Robotics challenges inspiring youngsters to learn engineering
Posted: December 20, 2011
Competitive program for Arizona middle school students growing under ASU’s direction
Two hundred and sixty-six teams of Arizona middle school students – more than 2,500 youngsters in all – competed in the recently completed 2011 FIRST LEGO League program.
That’s a jump of more than 30 percent over last year in participation in the competitions that are providing students from 9 to 14 years old hands-on instruction in fundamentals of engineering, science, technology and applied math.
Students build, design and program autonomous LEGO MINDSTORMS robots and put them to the test in regional qualifying tournaments. Top teams move on to the state championship tournament at Arizona State University.
ASU’s Ira A. Fulton Schools of Engineering host the championship event that brings several hundred students – along with enthusiastic parents, teachers and friends – to the university’s Tempe campus for a day of boisterous robot games, research project presentations and demonstrations of teamwork skills.
The engineering schools have overseen the Arizona FIRST LEGO League program for the past four years. In that time the number of teams participating has more than tripled from the 88 teams that competed in 2008, a significantly higher growth rate than the 8 percent overall average for the program throughout the country.
Motivational aim
“We’re seeing increasing participation particularly from schools in rural areas and underserved communities,” says Patricia Smith, a K-12 education outreach coordinator for ASU’s engineering schools and FIRST LEGO League operational partner in Arizona.
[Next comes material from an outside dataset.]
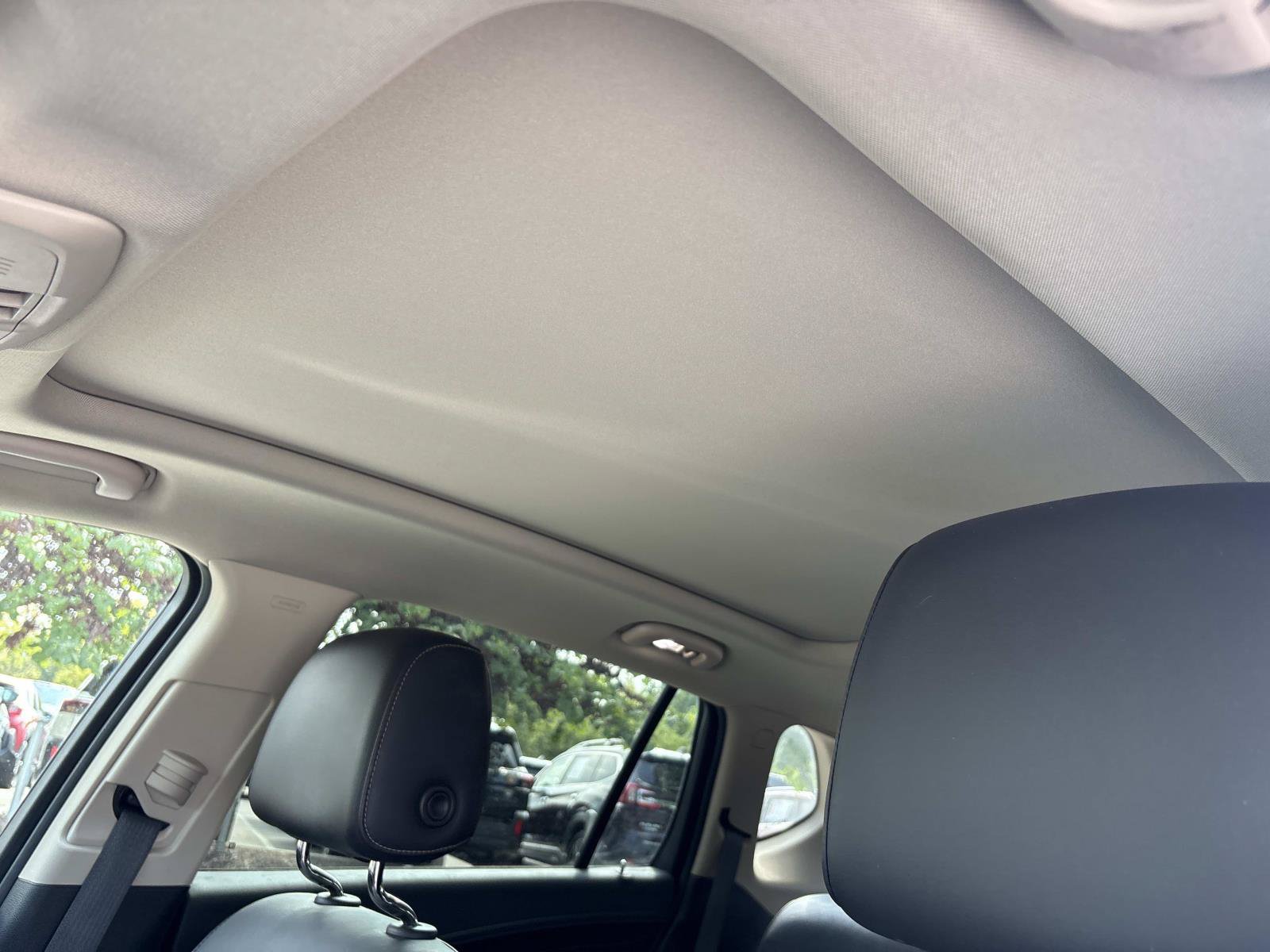Used 2017 Buick Envision Essence FWD image 17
“Many schools don’t have the resources to provide students with this unique learning opportunity,” she says. “Our goal is to ensure that every child in the state will have an opportunity to experience this through the FIRST LEGO League competition.”
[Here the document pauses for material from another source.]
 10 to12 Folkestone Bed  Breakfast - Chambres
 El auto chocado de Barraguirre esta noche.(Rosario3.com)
Smith directs planning, organization and management of the regional and state tournaments, as well as fund-raising, and recruits and supervises hundreds of volunteers to staff the tournaments.
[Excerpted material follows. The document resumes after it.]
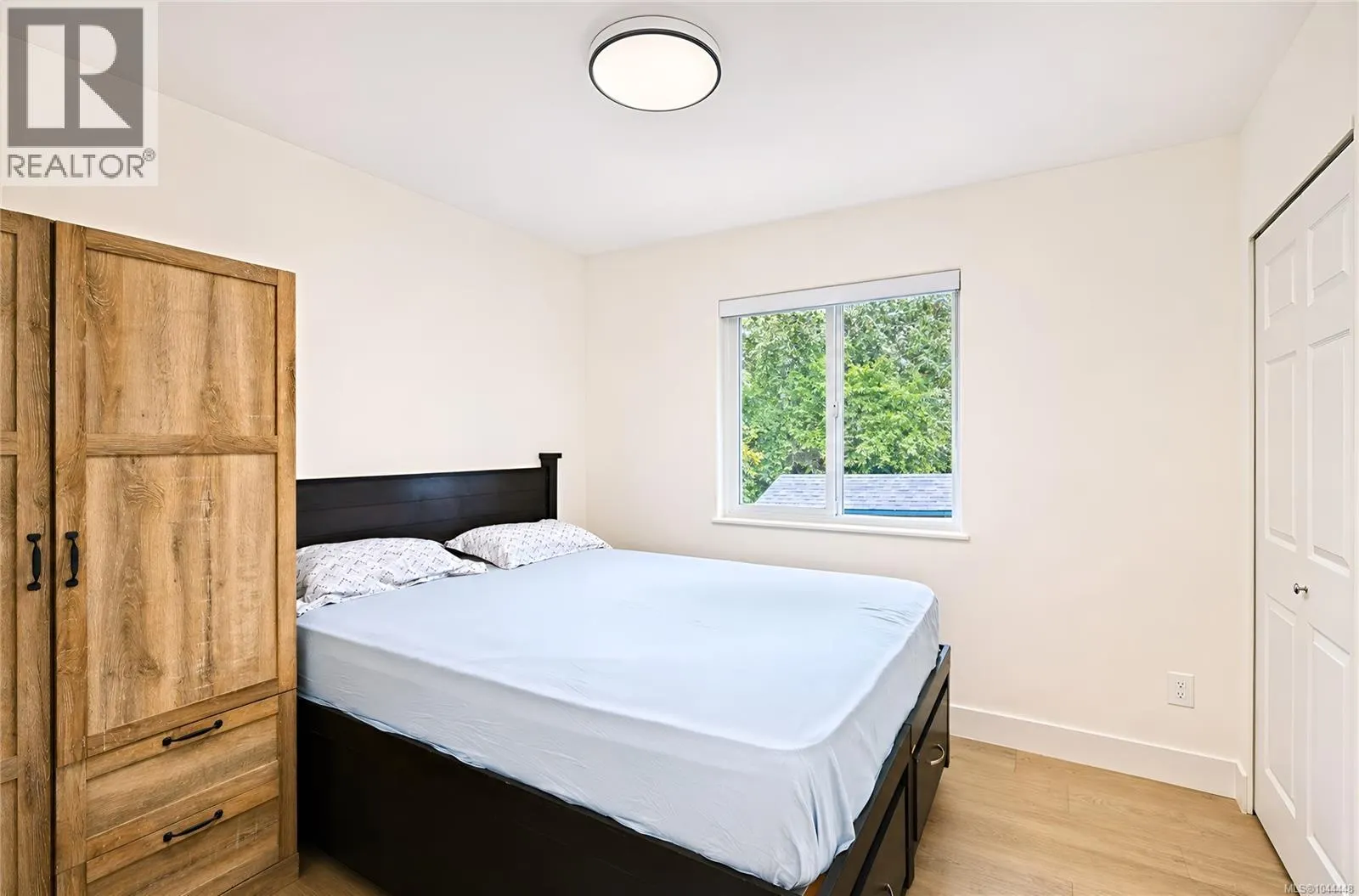 840 Inez Pl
The FIRST in the program title derives from the not-for-profit organization For Inspiration and Recognition of Science and Technology.
Renowned inventor Dean Kamen founded FIRST to encourage appreciation among young students for science, technology, engineering and math, and to inspire them to pursue studies and careers in the fields.
The organization hosts the FIRST Robotics Competition and FIRST Tech Challenge for high-school students, FIRST LEGO League for 9- to 14-year-olds, (9- to 16-year-olds outside the U.S. and Canada) and Junior FIRST LEGO League for 6- to 9-year-olds.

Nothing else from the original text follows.